═══ INPUT ═══
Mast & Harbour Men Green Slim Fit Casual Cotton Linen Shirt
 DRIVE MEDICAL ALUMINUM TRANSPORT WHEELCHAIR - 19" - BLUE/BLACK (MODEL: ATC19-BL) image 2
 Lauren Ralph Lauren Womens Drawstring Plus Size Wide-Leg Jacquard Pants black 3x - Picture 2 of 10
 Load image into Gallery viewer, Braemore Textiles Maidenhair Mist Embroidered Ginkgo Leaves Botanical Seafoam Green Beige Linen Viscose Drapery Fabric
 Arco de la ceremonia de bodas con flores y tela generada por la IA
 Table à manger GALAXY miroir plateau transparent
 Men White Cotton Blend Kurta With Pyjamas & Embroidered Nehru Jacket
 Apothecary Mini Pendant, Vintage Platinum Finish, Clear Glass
═══
### ABOUT THIS TASK
Using the records above, please repeat the line with "Men White Cotton" and every line after it exactly, and give no other text.

### EXERCISE ANSWER
 Men White Cotton Blend Kurta With Pyjamas & Embroidered Nehru Jacket
 Apothecary Mini Pendant, Vintage Platinum Finish, Clear Glass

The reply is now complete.